*** Records provided Section Begins ***

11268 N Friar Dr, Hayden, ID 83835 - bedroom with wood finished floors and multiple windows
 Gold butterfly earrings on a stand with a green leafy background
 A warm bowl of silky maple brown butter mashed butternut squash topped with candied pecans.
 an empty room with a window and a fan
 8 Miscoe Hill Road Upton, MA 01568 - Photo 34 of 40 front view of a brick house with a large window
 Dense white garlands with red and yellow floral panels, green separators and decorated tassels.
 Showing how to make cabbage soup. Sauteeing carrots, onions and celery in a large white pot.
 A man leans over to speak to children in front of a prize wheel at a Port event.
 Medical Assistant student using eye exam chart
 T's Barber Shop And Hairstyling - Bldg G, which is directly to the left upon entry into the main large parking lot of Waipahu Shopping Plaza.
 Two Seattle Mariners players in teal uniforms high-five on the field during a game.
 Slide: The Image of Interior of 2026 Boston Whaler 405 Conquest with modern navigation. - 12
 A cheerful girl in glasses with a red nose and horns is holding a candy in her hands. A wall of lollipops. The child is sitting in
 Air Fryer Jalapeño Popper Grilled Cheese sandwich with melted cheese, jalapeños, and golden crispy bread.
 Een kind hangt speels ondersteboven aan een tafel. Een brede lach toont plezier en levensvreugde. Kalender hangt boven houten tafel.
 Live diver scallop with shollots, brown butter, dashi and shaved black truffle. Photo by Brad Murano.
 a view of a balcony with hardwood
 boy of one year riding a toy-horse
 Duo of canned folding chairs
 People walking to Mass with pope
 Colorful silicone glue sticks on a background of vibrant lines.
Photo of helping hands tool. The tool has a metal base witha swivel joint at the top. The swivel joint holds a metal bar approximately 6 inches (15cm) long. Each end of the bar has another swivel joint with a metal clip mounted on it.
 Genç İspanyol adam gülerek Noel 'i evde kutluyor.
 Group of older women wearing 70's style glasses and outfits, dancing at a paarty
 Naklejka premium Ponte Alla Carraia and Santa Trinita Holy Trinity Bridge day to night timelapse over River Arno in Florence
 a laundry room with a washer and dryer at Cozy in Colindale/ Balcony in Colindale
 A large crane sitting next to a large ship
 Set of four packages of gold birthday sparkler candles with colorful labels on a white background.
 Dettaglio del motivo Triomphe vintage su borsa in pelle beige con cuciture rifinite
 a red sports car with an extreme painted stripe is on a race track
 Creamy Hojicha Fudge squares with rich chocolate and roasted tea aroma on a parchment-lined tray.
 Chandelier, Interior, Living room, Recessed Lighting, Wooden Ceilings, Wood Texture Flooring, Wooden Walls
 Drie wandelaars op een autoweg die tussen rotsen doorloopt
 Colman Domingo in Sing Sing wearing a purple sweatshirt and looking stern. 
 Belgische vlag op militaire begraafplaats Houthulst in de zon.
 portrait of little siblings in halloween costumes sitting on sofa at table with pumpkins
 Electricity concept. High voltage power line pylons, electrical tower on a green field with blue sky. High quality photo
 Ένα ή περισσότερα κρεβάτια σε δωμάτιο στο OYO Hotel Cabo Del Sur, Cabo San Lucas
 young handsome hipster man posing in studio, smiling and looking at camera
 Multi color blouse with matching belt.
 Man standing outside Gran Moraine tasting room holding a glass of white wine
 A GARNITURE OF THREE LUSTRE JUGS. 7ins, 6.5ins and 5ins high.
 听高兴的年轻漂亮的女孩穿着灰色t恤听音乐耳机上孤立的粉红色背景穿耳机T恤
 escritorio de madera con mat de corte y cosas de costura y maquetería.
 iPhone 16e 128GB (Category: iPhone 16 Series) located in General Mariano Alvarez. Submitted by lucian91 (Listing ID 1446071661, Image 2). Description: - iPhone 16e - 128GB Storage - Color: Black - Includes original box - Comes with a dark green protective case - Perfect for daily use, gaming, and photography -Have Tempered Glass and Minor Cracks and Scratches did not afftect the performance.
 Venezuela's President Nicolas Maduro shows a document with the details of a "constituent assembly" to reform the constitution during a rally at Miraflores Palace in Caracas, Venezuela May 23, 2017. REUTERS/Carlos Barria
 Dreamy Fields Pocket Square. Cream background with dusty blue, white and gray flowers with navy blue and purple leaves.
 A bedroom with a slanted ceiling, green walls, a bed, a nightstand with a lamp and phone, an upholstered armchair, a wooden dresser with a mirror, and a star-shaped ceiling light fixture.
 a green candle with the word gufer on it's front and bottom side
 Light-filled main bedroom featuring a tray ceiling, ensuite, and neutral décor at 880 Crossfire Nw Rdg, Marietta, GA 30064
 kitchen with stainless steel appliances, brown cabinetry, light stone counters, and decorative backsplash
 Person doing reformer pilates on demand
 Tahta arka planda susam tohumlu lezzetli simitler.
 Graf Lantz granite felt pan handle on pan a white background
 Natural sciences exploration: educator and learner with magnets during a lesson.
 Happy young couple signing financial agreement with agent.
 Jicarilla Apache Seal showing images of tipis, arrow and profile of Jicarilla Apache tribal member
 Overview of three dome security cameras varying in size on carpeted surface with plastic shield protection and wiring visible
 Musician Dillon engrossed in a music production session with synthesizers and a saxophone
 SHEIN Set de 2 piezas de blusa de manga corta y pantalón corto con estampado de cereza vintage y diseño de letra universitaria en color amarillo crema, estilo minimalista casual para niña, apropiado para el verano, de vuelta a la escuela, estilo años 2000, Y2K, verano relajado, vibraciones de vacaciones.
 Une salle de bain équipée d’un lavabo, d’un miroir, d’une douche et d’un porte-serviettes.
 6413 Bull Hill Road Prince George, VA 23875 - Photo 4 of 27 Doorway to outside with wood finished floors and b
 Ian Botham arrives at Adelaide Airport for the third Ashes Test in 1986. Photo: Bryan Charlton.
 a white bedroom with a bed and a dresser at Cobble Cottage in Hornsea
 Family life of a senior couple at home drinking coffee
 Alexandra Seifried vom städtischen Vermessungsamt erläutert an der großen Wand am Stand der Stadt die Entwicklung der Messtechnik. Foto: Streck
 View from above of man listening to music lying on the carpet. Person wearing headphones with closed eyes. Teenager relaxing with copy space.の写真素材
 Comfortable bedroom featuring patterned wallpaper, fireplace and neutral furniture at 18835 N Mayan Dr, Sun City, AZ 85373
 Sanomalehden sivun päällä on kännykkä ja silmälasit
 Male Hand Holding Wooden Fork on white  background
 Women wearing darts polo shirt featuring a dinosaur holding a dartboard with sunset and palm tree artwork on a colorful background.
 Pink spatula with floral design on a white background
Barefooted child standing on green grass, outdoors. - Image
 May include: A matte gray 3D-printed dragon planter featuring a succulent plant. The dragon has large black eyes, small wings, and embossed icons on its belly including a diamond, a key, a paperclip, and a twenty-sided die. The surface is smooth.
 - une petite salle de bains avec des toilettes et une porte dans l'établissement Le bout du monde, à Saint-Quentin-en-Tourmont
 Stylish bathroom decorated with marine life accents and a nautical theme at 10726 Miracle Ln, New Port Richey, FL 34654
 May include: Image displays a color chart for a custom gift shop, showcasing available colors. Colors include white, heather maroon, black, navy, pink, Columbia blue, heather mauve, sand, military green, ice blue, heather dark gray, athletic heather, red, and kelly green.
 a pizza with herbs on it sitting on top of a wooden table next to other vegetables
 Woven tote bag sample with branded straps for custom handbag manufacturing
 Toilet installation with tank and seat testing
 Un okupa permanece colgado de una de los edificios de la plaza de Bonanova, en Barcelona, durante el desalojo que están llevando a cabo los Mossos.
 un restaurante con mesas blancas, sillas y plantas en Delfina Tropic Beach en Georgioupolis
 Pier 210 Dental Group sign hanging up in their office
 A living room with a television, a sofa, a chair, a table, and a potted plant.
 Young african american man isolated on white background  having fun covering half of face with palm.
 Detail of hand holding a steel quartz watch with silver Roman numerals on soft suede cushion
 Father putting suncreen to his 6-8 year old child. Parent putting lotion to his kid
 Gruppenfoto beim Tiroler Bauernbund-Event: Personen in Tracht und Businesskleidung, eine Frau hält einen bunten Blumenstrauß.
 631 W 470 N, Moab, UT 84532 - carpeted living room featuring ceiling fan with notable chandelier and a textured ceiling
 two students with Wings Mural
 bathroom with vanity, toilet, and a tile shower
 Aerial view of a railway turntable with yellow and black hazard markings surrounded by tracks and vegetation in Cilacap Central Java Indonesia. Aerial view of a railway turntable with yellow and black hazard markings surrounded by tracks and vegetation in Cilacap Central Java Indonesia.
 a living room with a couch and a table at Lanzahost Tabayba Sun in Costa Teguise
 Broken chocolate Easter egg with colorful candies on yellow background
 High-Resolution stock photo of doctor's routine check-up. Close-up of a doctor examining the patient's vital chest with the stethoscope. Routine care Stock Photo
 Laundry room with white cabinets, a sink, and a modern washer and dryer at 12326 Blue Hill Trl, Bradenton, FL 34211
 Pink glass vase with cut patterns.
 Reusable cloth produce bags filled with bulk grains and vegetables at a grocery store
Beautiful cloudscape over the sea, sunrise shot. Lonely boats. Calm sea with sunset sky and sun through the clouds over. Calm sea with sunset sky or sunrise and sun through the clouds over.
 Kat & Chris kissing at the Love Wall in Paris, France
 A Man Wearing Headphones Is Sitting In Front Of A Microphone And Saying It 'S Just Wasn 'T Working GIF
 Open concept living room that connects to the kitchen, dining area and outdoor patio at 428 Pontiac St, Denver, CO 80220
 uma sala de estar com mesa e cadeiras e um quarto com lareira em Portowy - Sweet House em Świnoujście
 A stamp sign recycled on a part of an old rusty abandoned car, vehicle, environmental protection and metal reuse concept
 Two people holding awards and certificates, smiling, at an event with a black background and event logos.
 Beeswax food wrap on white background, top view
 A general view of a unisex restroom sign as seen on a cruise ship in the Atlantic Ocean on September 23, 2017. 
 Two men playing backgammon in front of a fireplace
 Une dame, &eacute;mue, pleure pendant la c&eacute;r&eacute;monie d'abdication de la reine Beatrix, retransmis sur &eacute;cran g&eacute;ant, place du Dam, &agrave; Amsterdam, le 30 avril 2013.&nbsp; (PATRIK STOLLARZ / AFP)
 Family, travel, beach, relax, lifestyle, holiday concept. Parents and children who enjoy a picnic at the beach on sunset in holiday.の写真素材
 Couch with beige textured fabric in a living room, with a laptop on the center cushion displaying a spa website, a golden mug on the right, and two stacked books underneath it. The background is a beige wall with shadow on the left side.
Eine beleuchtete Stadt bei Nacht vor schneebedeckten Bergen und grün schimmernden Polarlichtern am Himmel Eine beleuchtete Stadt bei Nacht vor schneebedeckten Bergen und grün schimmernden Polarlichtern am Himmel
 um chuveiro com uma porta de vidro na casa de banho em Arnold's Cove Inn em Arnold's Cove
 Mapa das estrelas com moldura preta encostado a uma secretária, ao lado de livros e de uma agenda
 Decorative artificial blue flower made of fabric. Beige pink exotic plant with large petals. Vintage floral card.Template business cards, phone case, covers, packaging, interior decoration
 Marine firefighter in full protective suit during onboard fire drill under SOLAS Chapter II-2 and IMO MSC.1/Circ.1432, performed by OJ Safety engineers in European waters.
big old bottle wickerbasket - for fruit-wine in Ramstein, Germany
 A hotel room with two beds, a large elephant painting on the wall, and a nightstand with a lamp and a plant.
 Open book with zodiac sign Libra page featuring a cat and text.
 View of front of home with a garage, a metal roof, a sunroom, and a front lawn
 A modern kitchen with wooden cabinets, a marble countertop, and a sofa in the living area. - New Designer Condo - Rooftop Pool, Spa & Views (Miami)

*** Records provided Section Ends ***

● Task item: After locating the line holding "A hotel room" above, output exactly that line and every line after it through the line holding "View of front". Include nothing else.

● Solved exercise:
 A hotel room with two beds, a large elephant painting on the wall, and a nightstand with a lamp and a plant.
 Open book with zodiac sign Libra page featuring a cat and text.
 View of front of home with a garage, a metal roof, a sunroom, and a front lawn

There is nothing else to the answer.